- Church: Roman Catholic
- Appointed: 20 November 2012
- Predecessor: Rudolf Baláž
- Previous post: Auxiliary Bishop of Nitra (1999–2012)

Orders
- Ordination: 17 June 1989
- Consecration: 18 September 1999 by Ján Chryzostom Korec

Personal details
- Born: 16 September 1957 (age 68) Trenčín, Czechoslovakia
- Alma mater: John Paul II Catholic University of Lublin Comenius University
- Motto: Omnia impendam pro animabus vestris! (Latin for 'I will give up everything for your souls')
- Coat of arms: Marián Chovanec's coat of arms

= Marián Chovanec =

Slovak Roman Catholic prelate (born 1957)

Marián Chovanec (born 16 September 1957) is a Slovak Roman Catholic prelate. Since 2012 he serves as the bishop of the Diocese of Banská Bystrica.

== Biography ==
Marián Chovanec was born on 16 September 1957 in Trenčín. He studied theology at the Comenius University in Bratislava. In 1981 his studies were suspended by the communist regime as a punishment for Chovanec's participation in a hunger strike against the pro-regime priestly organization Pacem in Terris. He was allowed to return to his studies in 1986. In 1990 he continued his studies at the John Paul II Catholic University of Lublin, where he earned a doctorate in dogmatic theology in 1994.

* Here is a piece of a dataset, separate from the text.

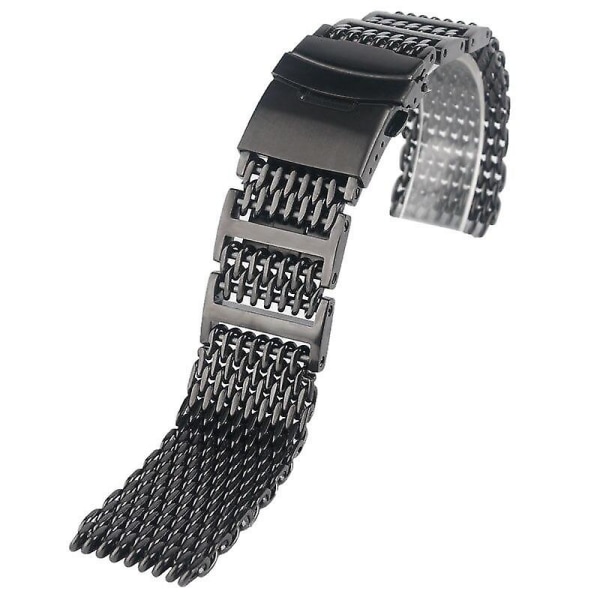 Svart silver mesh armband viklås Shark rostfritt stål klockband Watch | viklås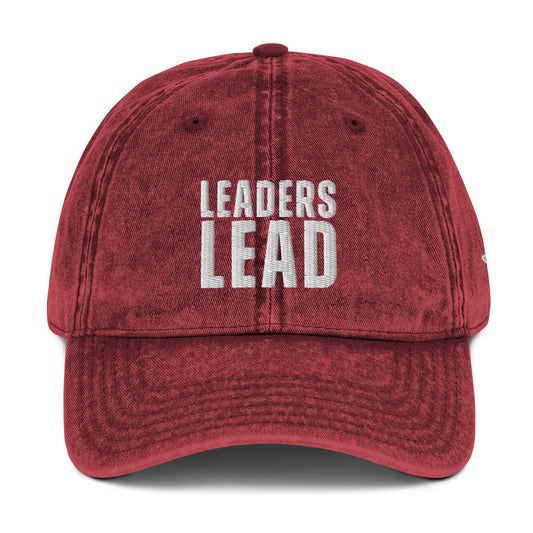 Leaders Lead Embroidered Red Vintage Hat with our UNCIVIL Spear.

Chovanec was ordained as a priest on 17 June 1989. Afterwards he served as a priest and archivist of the Roman Catholic Diocese of Nitra. On 22 July 1999 he was appointed auxiliary bishop of Nitra and titular bishop of Maxita by the Pope John Paul II. He was consecrated on 18 September 1999 at the St. Emmeram's Cathedral in Nitra by the bishop of Nitra, Cardinal Ján Chryzostom Korec.

On 20 November 2012, Pope Benedict XVI appointed Chovanec the bishop of Banská Bystrica to replace bishop Rudolf Baláž, who had suddenly died a year prior.